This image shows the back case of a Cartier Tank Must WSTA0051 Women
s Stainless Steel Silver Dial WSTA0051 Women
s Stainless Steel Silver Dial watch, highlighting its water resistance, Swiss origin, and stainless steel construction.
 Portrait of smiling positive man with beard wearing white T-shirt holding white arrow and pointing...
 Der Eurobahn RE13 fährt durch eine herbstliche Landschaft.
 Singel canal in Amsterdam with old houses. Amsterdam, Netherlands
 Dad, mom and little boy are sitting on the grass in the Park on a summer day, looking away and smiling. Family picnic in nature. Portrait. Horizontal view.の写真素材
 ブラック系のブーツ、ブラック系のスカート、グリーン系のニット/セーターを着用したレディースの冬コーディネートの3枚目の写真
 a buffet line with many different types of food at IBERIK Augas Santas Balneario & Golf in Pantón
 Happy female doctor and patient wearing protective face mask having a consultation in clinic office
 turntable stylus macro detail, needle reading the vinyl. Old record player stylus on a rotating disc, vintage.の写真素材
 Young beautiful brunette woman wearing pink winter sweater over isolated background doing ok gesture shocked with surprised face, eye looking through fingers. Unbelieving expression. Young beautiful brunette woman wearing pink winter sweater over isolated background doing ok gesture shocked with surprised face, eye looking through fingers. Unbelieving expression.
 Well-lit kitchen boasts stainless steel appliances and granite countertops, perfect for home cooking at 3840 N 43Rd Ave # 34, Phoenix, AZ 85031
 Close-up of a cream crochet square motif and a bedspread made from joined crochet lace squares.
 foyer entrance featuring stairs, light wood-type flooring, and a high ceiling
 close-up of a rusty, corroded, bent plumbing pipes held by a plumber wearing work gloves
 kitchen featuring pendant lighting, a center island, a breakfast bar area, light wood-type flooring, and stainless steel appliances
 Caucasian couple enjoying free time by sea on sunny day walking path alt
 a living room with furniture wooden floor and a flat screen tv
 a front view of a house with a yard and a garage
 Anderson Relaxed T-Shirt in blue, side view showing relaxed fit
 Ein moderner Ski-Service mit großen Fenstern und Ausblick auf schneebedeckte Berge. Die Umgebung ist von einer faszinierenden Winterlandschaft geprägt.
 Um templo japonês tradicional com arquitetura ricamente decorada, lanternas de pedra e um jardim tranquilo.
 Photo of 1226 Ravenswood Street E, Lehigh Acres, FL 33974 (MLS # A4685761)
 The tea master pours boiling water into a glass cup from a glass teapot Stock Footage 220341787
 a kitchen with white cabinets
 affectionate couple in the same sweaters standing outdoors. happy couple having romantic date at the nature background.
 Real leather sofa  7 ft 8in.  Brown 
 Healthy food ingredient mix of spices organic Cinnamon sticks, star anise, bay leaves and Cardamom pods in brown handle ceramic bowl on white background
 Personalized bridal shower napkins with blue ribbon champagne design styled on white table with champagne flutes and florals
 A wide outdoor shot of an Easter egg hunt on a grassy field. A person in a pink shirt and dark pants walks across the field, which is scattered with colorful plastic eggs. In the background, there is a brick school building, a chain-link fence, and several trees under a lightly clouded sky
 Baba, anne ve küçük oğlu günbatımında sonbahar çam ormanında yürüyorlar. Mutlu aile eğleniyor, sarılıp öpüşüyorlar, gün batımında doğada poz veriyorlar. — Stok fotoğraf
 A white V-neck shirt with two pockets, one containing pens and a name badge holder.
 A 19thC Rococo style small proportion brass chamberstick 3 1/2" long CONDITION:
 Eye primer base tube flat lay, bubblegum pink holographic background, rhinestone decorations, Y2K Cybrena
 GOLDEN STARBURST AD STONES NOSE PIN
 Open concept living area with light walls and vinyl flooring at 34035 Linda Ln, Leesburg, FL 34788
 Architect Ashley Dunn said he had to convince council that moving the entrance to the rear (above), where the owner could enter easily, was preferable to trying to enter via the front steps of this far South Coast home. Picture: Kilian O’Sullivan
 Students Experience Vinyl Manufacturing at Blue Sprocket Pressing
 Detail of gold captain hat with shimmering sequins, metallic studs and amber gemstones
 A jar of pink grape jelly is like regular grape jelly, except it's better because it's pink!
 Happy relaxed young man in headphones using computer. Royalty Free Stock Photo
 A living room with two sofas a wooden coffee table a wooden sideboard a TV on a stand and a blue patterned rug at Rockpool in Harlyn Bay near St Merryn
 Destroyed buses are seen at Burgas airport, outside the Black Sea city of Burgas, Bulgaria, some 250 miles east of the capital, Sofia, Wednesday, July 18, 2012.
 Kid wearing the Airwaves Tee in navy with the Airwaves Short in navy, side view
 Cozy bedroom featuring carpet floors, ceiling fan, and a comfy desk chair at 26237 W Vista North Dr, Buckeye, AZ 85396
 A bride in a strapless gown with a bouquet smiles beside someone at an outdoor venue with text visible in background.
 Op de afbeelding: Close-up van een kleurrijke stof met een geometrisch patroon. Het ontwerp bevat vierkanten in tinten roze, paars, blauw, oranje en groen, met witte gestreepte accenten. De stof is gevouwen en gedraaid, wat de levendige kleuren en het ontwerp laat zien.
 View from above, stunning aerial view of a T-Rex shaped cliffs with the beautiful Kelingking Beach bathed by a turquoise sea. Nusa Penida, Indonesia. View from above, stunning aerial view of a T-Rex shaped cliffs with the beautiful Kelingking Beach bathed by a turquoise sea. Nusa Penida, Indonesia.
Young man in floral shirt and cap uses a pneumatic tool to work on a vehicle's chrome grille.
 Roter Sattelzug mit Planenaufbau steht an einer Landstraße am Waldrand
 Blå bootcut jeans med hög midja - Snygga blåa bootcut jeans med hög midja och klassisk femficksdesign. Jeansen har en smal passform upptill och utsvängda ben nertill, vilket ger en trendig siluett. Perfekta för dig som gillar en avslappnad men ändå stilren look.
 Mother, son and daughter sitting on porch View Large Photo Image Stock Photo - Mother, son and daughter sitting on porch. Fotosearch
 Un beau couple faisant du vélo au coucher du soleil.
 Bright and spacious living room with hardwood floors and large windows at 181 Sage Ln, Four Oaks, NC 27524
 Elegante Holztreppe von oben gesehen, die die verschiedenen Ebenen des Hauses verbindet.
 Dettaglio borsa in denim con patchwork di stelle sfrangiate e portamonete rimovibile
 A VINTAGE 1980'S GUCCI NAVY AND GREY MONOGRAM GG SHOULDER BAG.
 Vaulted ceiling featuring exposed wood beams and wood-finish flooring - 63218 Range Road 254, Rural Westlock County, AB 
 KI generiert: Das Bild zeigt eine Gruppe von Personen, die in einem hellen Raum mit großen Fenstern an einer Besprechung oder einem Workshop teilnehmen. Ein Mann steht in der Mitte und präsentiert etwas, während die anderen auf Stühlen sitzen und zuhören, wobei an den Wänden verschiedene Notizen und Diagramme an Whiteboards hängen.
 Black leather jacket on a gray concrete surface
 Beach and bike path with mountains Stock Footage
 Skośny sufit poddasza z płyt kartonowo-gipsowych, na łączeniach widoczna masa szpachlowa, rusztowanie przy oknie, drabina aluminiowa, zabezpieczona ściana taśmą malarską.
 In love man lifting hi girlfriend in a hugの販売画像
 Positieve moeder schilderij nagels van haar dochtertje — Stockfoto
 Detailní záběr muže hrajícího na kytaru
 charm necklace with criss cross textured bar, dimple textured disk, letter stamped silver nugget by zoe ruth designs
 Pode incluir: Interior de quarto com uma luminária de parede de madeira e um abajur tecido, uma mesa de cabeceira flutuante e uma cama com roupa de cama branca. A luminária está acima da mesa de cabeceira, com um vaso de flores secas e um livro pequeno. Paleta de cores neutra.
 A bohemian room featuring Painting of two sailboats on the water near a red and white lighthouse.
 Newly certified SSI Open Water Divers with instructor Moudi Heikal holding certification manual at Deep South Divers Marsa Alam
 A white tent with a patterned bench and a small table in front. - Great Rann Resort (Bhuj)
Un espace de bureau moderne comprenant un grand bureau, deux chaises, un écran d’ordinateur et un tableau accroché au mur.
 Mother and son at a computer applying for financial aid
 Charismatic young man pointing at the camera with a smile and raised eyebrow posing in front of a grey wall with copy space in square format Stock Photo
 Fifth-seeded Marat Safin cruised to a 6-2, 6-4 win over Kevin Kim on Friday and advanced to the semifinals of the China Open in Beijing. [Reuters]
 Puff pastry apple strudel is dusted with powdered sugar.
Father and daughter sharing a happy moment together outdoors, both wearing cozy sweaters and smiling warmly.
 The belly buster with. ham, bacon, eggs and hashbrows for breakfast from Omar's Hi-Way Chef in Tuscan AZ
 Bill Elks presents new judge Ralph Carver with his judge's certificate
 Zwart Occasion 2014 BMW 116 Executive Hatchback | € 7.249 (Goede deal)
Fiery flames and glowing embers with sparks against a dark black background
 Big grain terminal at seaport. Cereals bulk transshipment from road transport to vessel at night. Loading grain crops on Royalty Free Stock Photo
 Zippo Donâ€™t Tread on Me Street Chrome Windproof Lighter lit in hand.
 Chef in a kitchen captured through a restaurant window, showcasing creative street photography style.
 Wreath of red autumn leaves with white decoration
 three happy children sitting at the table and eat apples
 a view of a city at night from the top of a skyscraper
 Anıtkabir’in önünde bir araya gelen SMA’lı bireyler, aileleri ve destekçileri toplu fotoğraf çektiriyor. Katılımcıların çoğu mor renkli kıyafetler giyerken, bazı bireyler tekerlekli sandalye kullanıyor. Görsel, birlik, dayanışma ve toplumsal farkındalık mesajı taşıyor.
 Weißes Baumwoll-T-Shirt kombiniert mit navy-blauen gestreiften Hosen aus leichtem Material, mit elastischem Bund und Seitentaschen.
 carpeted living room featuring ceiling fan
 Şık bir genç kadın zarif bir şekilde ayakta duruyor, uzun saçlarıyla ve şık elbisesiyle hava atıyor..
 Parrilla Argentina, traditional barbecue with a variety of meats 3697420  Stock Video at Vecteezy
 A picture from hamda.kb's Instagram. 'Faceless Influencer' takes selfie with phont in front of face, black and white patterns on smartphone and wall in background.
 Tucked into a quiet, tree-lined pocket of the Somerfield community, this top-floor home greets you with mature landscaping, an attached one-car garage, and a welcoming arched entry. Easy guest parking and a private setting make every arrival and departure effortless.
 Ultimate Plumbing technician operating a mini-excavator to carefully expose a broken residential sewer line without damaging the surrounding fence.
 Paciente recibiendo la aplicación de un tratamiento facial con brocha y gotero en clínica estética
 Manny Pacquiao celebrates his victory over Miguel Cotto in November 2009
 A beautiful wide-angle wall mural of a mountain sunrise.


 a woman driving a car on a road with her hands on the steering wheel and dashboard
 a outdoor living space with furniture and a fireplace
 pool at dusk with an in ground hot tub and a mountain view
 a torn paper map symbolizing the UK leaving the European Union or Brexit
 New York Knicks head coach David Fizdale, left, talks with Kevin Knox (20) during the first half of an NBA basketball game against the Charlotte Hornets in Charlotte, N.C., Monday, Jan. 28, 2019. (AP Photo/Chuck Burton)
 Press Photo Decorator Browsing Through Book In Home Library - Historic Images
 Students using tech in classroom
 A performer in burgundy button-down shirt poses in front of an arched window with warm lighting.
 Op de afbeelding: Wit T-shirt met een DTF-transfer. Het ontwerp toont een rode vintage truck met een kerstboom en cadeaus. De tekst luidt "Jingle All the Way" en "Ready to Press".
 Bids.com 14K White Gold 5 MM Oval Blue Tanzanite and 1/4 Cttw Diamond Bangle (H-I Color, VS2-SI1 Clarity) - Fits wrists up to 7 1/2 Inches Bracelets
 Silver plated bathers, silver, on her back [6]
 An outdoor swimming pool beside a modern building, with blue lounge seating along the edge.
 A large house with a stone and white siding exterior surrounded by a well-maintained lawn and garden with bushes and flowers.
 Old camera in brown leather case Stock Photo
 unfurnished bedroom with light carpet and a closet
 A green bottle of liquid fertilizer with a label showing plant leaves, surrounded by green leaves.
-------------------------
Take from the material above the lines running from the one with "Pode incluir: Interior" through the one with "A bohemian room", and repeat them exactly, with nothing else.

 Pode incluir: Interior de quarto com uma luminária de parede de madeira e um abajur tecido, uma mesa de cabeceira flutuante e uma cama com roupa de cama branca. A luminária está acima da mesa de cabeceira, com um vaso de flores secas e um livro pequeno. Paleta de cores neutra.
 A bohemian room featuring Painting of two sailboats on the water near a red and white lighthouse.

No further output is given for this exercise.